IN THE LABOUR COURT OF SOUTH AFRICA



BRAAMFONTEIN CASE NO: JR1619/01


2002-09-13




In the matter between


ESKOM Applicant


and


Dr R MARSHALL & OTHERS Respondents


J U D G M E N T

LANDMAN J:


1. On 5 July 2001, Commissioner B Dorman of the CCMA delivered an award in a dispute between Eskom and Dr Marshall, an employee of Eskom. The commissioner found that:




(a) Eskom committed an unfair labour practice in terms of item 2 (1) (b) of the Seventh Schedule to the Labour Relations Act 66 of 1995.


(b) Eskoms conduct was substantively and procedurally unfair.


(c) Eskom is ordered to pay the sum of R732 011,81 to Dr Marshall within ten days of receipt of the award.


(d) Eskom is ordered to pay interest on the abovementioned amount at the rate of 10% per annum from 31 August 1999 to date of payment.


(e) Eskom is ordered to pay Dr Marshalls costs of the arbitration on the Magistrates Court scale, including the costs of the hearings held on 29 and 30 May 2001 as well as the costs of consultation and preparation.


2. Eskom has launched an application in this court. It seeks the following relief:


(a) Condonation of the late filing of this application.


(b) Declaring that the arbitration award, issued by the commissioner under the auspices of the CCMA, is a nullity in that the CCMA lacked jurisdiction to determine the dispute between Eskom and Dr Marshall.

(c) In the alternative, an order reviewing and setting aside the award of the commissioner.


(d) Costs.


3. The application for condonation sets out a reasonable explanation for the delay and related matters. It was granted. Mr Pretorius SC, (with him Mr S A Boda), appeared for Eskom. He submitted, inter alia, that the commissioner lacked jurisdiction to arbitrate the dispute under item 2(1)(b) of the Seventh Schedule to the LRA as the dispute did not concern the unfair conduct of an employer relating to the provision of benefits to an employee.
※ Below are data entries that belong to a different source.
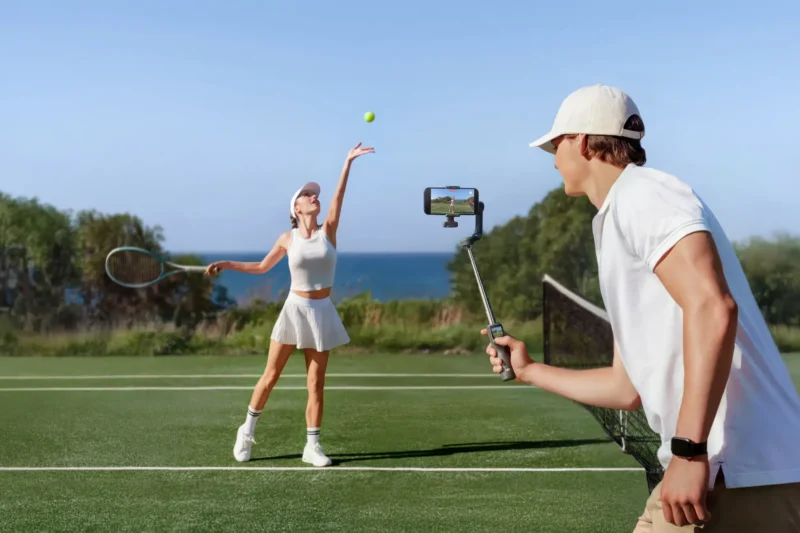 A woman in a white tennis outfit serves a tennis ball on an outdoor court, while a man in white records her with a smartphone on a gimbal. Trees and the ocean are visible in the background.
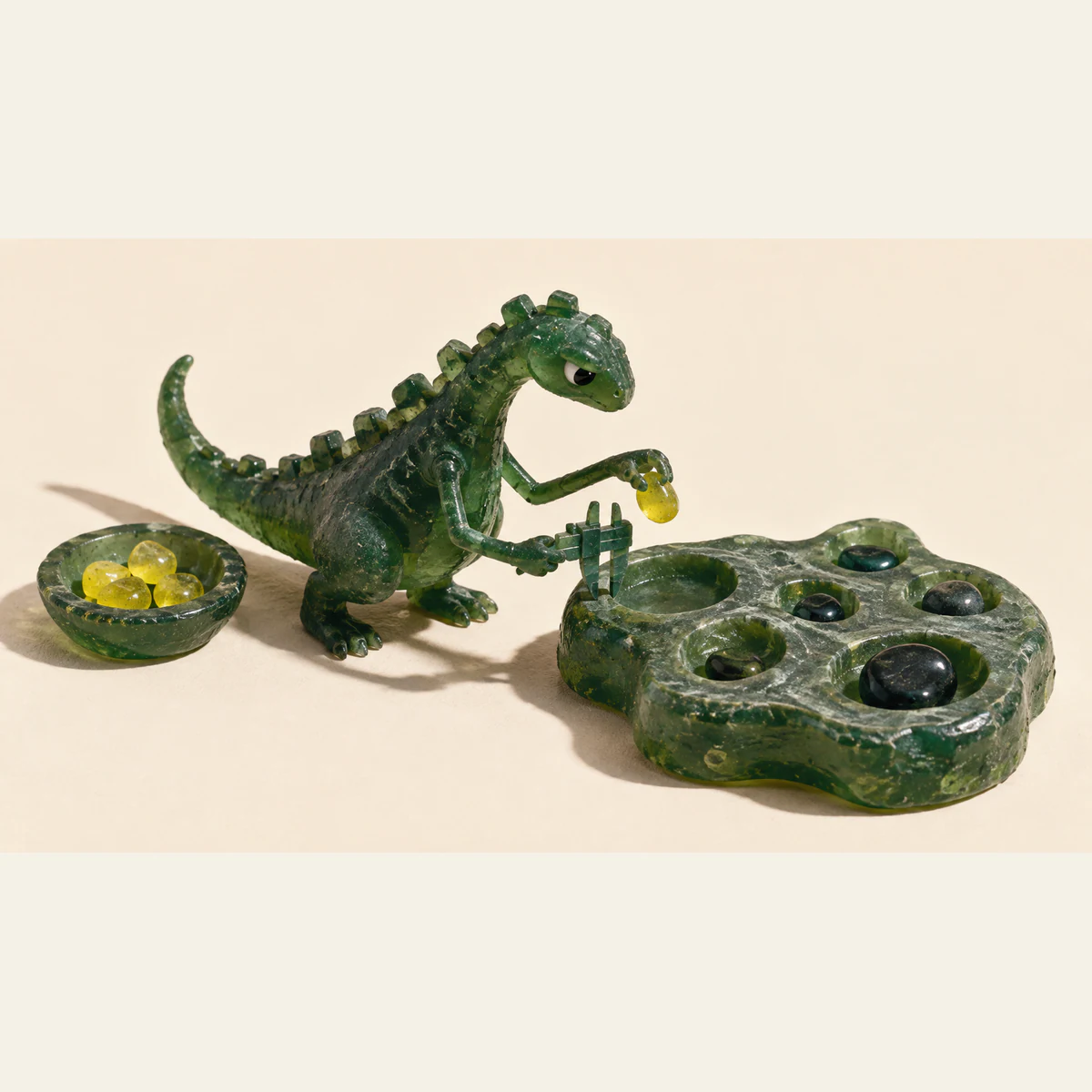 A skeptical green resin dinosaur holds a yellow pebble above a hollow while pressing calipers against its rim. A separate bowl holds yellow pebbles; other hollows contain dark stones. Hard shadows fall across an ivory background.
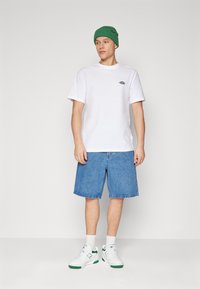 White cotton t-shirt with a small black logo, paired with blue denim shorts and white sneakers with green accents. Green knit beanie.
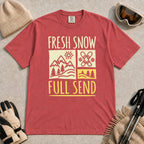 Crimson tee featuring a retro ski and mountain graphic with the phrase “Fresh Snow, Full Send.”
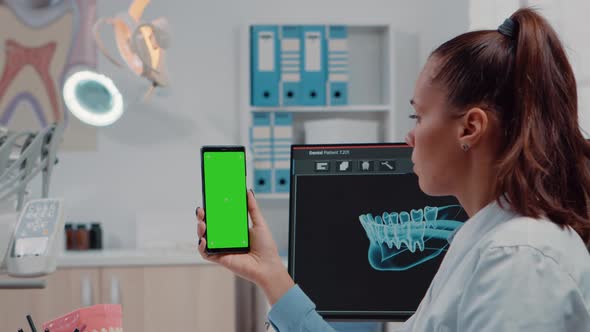 Close Up of Orthodontist Holding Smartphone with Green Screen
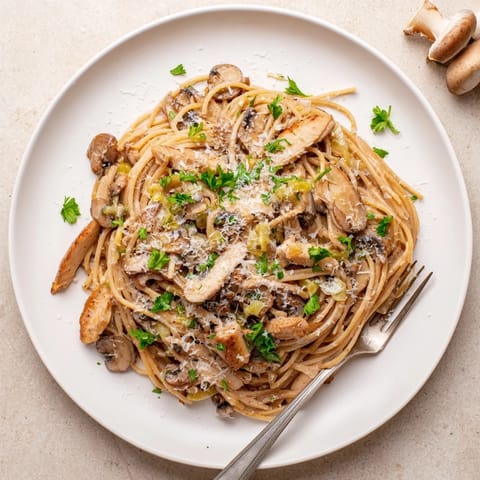A comforting bowl of Creamy Mushroom Chicken Spaghettini, featuring golden-brown mushrooms and savory chicken nestled in a light, silky cream sauce.  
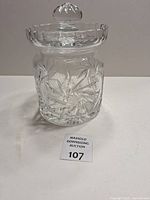 Front view of cut glass jar with lid and lot tag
4. It is perhaps just as well to quote the provisions of the item at this stage:


(a) For the purposes of this item, an unfair labour practice

means any unfair act or omission that arises between an employer and an employee, involving - - -

(b) the unfair conduct of the employer relating to the promotion, demotion or training of an employee or relating to the provision of benefits to an employee.


In Legal Aid Board v John NO [1998] 4 BLLR 400 (LC), the applicant on review, raised for the first time the issue of the arbitrator's jurisdiction to decide a matter under item 2(1)(b) of the Seventh Schedule. The court held that although the matter was not pertinently raised before the arbitration as it was an issue of jurisdiction, it did not preclude the applicant from raising the issue at the stage it reached the Labour Court.


5. It follows that Eskom is entitled to raise the jurisdictional point, in the review application, or as a separate self-standing application. The authorities are trite that a court of law or a tribunal that issues an order where it has no jurisdiction to do so, acts ultra vires. The result is that the order is a nullity. See Immelman v Keller 1903 20 (SC) 623 and Visser v Van den Heever 1934 CPD 315.


6. If I find that the commissioner lacked jurisdiction to determine the dispute, the award that he rendered, is a nullity and Eskom would be entitled to the relief sought. The commissioner viewed the dispute as one relating to a benefit. The commissioner concluded that the failure of Eskom to pay or afford Dr Marshall, a separation package was unfair.


7. The principal submission made on behalf of Eskom is that the commissioner had no jurisdiction to determine the dispute under item 2(1)(b) as the dispute was not one relating to the provision of benefits to an employee. It was contended that the refusal by Eskom to pay or provide a separation package was simply not arbitrable as it concerned a matter of mutual interest.

1.

8. Dr Marshall applied for separation benefits in terms of Eskom's Corporate Guideline Policy on Separation. This policy was merely a guideline. It did not create any contractual entitlement on the part of an employee to a separation package. The material terms of the separation package policy included the following:

"1 Purpose

Separation packages will be considered for the following purposes:


To attain affirmative action and employment equity targets;


To address the problem of unplaced employees.


2. Separation Benefits


The following benefits and conditions apply to employees who voluntarily apply for a separation package and to whom separation benefits are granted:


2.1 Early retirement.


2.2 Cash Settlement.


3. Exclusions


Separate packages will not be available to:

Employees in scarce job categories.


4. Approval


Application for separation packages must be motivated to and approved by the relevant Group Executive Director."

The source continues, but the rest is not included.